Thursday, July 25, 2019

Real Endings


Real Endings, by Gene Duris
No month stated, 1978  Manor Books

It’s summertime, which means I’m in the mood for sleazy ‘70s crime novels…and this obscure Manor paperback original somewhat fits the bill. But while its plot of an “artsy” porn film turned snuff flick is certainly sleazy, author Gene Duris writes the book like he’s shooting for the literary market.

No idea who Duris was, but the book’s copyright Manor and I can find no other info about the author, even in the Catalog of Copyright Entries. In cases like this I just assume the book was written by J.D. Salinger. Overall Real Endings is pretty entertaining, and sometimes as sleazy as I wanted it to be, but the problem is the front and back cover copy completely ruin the suspense Duris builds for 255 big-print pages.
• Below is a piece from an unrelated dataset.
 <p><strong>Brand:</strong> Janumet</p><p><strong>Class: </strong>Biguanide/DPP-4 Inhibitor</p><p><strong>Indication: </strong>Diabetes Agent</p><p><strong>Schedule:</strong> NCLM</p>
And that spoiler is that we know, before even opening the book, that protagonist Kim Scott is going to be killed in a snuff flick. And yet that doesn’t happen until the final quarter of the novel. Most of the text concerns Kim deciding to become an actress, being cast in a new film which promises to push the envelope, and then gradually suspecting she’s gotten into a horrific situation. The last pages concern her friend and her uncle trying to figure out what happened to her.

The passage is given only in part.